Getting to know the author, including:

  • cultural background
  • family, family history and relationships
  • personal experiences
  • influences.
Activity one: The boy from the Bush

This activity relates to 1.08 mins–4.02 mins of the interview.

Don Watson grew up on a dairy farm in rural Victoria. He says that apart from the Bible the only book that he read in childhood was Steele Rudd’s On Our Selection which coincidentally is about a family on a farm on the Darling Downs in southern Queensland. On Our Selection takes a comic look at life on a farm and students should read at least one of the stories from the book to appreciate what Don Watson found appealing in it. A short video clip, featuring songs from a film based on the book would also provide an amusing insight into rural life on a selection (meaning a small farm or a block of land acquired under the Australian system of free selection).

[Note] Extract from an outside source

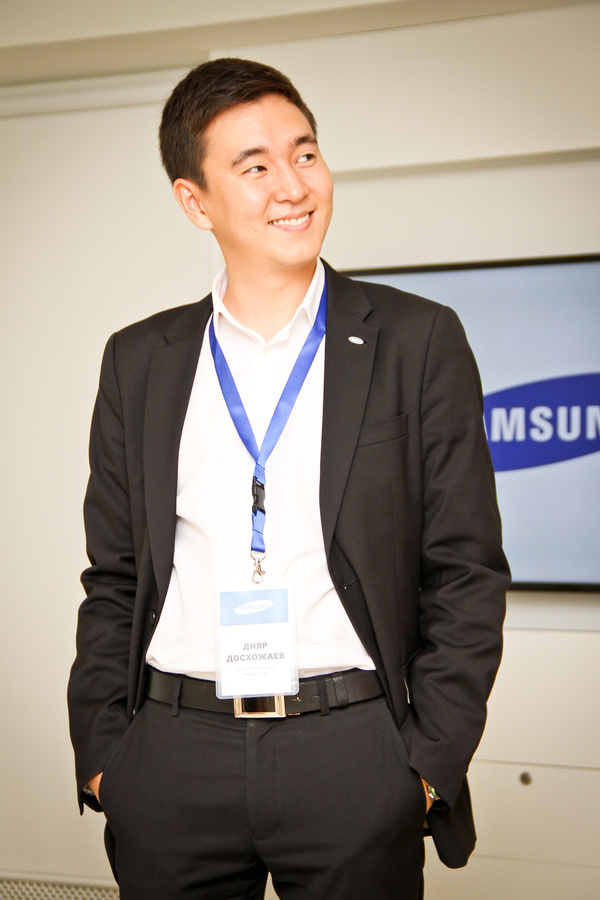Дияр Досхожаев, Samsung Electronics KZ and Central Asia: Мы все болеем Samsung!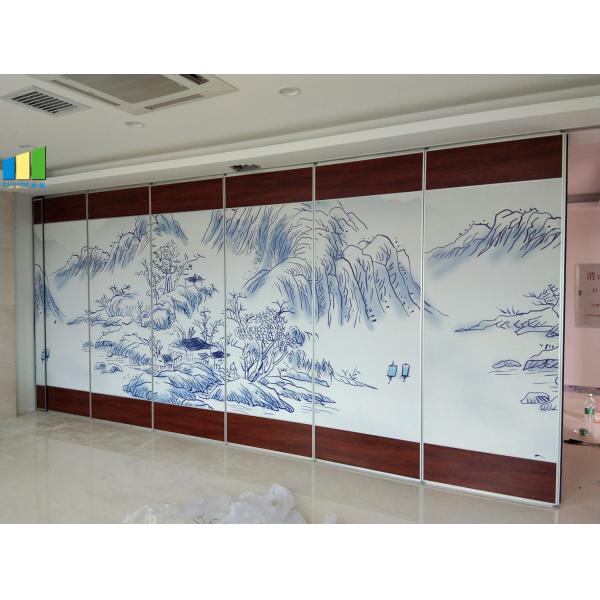 Прочные акустические действующие стены раздела офиса, дверь движимости конференц-зала Индии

It would also be informative for students to research something of the history of the selections which was an attempt by governments from the 1860s onwards to break up some of the large pastoral holdings to create smaller family-owned farms.

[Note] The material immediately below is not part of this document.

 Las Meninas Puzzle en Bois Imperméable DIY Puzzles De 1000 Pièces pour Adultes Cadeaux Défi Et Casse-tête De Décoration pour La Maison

  • Don Watson references the Coen brothers, American film makers, who say that all stories must be minutely local. (Their film Fargo is set in a very specific locale in the American state of Minnesota.) Ask students if they think that the stories in On Our Selection are identifiably local.
  • On Our Selection could be seen as part of the ‘myth’ of the bush. (Here ‘myth’ means those stories that we tell ourselves about our past, present and future. They contain some element of fact but have been embellished over time to achieve ideological purposes.) Ask students to recall and discuss such classics of the bush as Henry Lawson’s short story The Drover’s Wife or Banjo Paterson’s poem The Man from Snowy River. (Note that a unit based on an anthology of Lawson’s work, While the Billy Boils, is in the secondary section of the Reading Australia website.) Given that the subtitle of Don Watson’s The Bush is ‘travels in the heart of Australia’, presumably he subscribes to the ‘myth’ of the bush.

Synthesising task

The Bush myth is a celebratory one, acknowledging the achievements of the white pioneers of the nineteenth and early twentieth centuries. However, there is another side to the myth, the treatment of the Aboriginal people who were already living on the land, and this part of the myth is usually silenced.

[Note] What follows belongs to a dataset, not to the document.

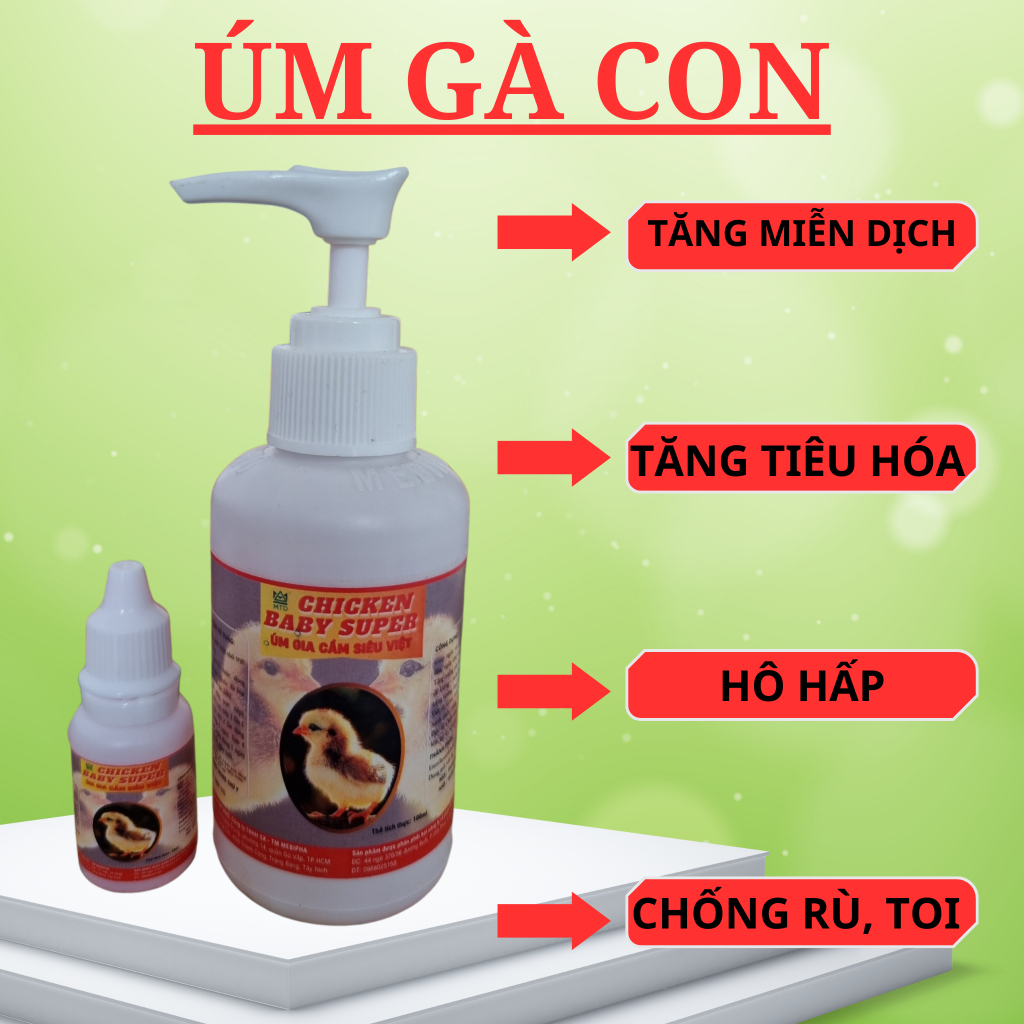 CHICKEN BABY SUPER - Úm Gia Cầm Siêu Việt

Read and annotate Judith Wright’s poem ‘At Cooloola’ (go to page 3 of the paper to see the full text) in which she reflects on her alienation, as a descendant of white pioneers, from the land, its creatures and its deep history. Use the annotations to write a short response to the poem.
(ACELR037)   (ACELR038)   (ACELR039)   (ACELR040)   (ACELR041)   (ACELR042)   (ACELR045)   (ACELR046)

 

The writer’s journey, including:

  • development of approaches, style and individual writing characteristics
  • themes, issues and motivations.
Activity two: Writing history

This activity relates to 5.10 mins–10.50 mins of the interview.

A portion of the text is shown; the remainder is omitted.